• Task details
Your copy should hold only the lines from the one with "map of restaurants, bars, coffee" to the one with "Alternate view of", both included, each exactly as it stands below, with no pictures.
##### Working data #####
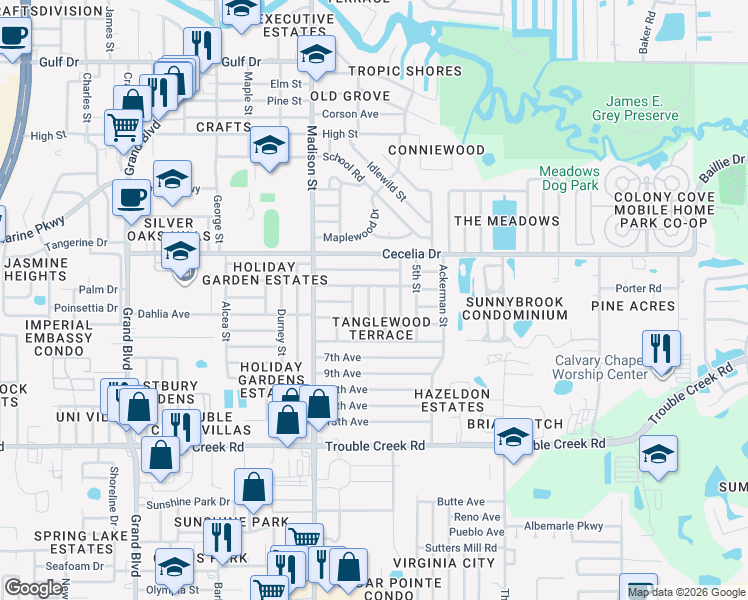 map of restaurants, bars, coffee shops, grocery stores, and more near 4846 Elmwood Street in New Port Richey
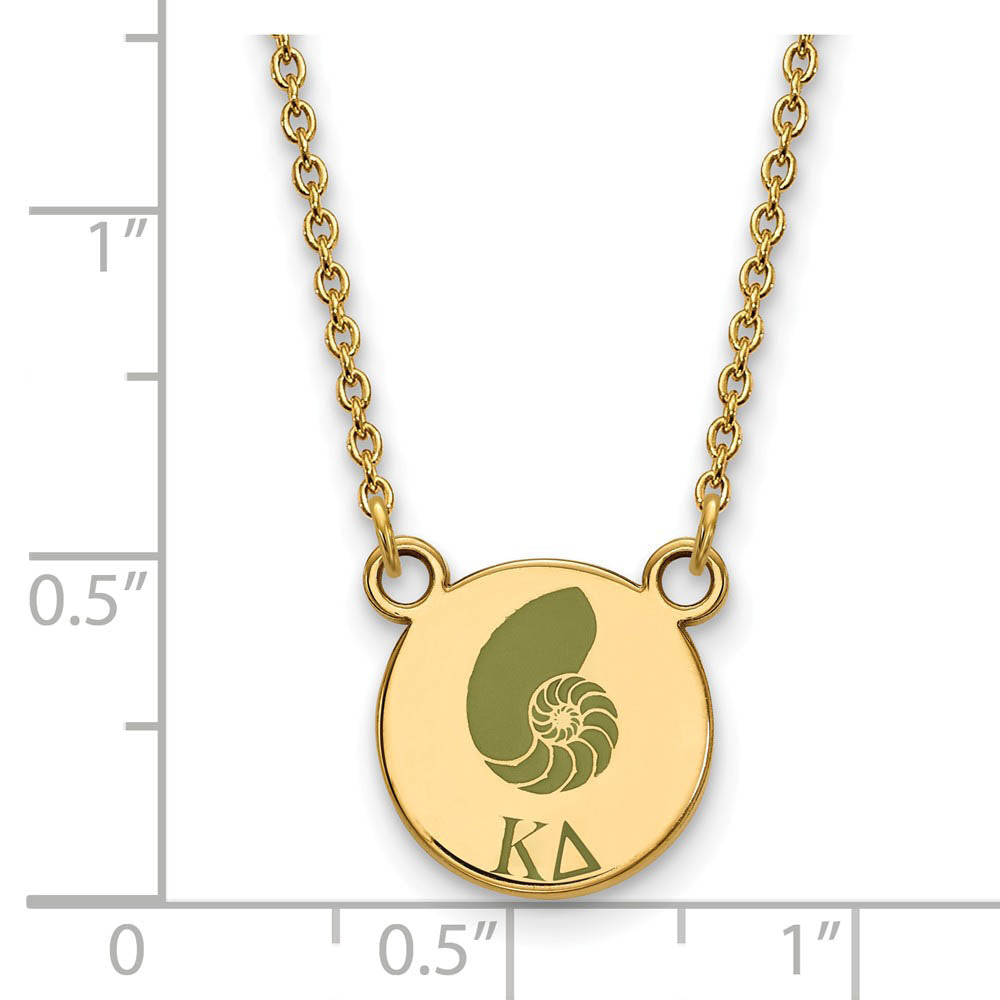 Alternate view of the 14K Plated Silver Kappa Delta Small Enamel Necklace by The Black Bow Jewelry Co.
#####
##### Working data #####
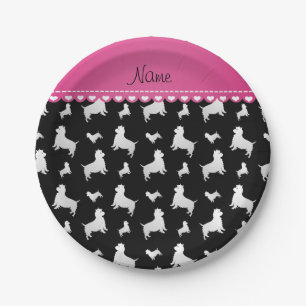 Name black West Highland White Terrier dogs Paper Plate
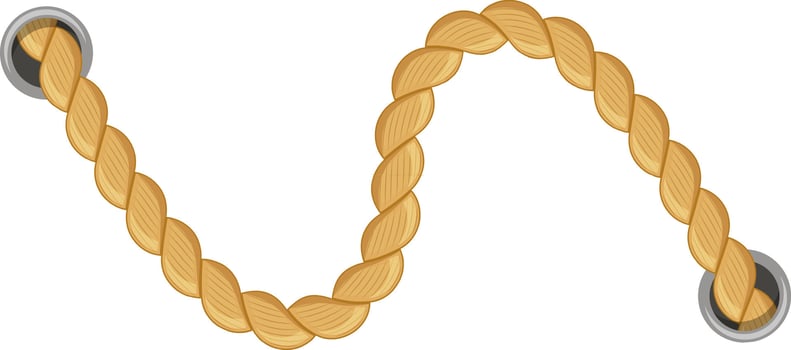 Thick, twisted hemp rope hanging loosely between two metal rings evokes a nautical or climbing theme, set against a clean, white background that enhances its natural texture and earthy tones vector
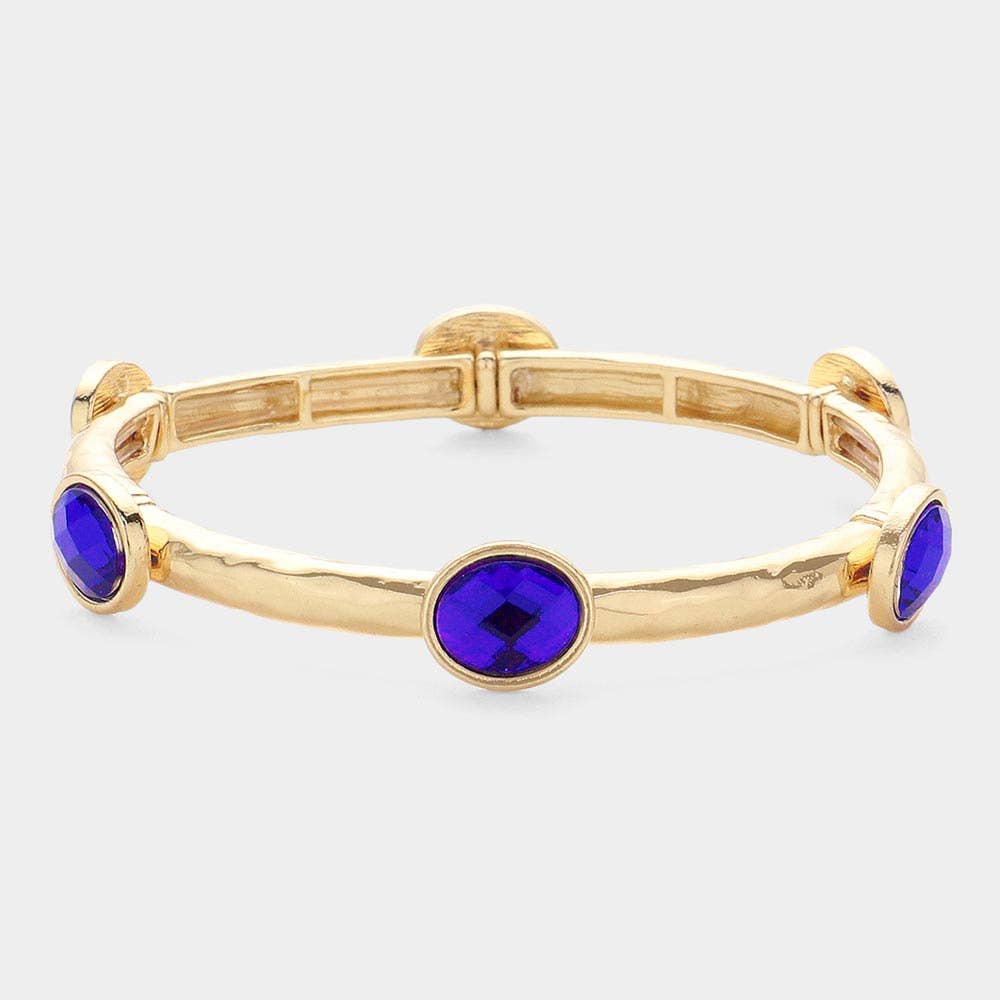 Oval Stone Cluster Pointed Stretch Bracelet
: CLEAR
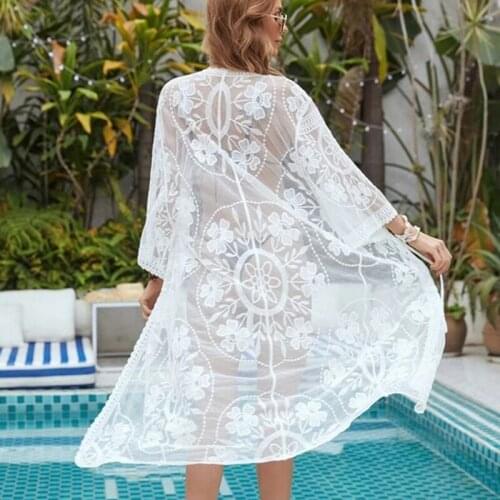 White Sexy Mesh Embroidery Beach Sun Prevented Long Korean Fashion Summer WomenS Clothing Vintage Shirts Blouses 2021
#####
• Your response
 map of restaurants, bars, coffee shops, grocery stores, and more near 4846 Elmwood Street in New Port Richey
 Alternate view of the 14K Plated Silver Kappa Delta Small Enamel Necklace by The Black Bow Jewelry Co.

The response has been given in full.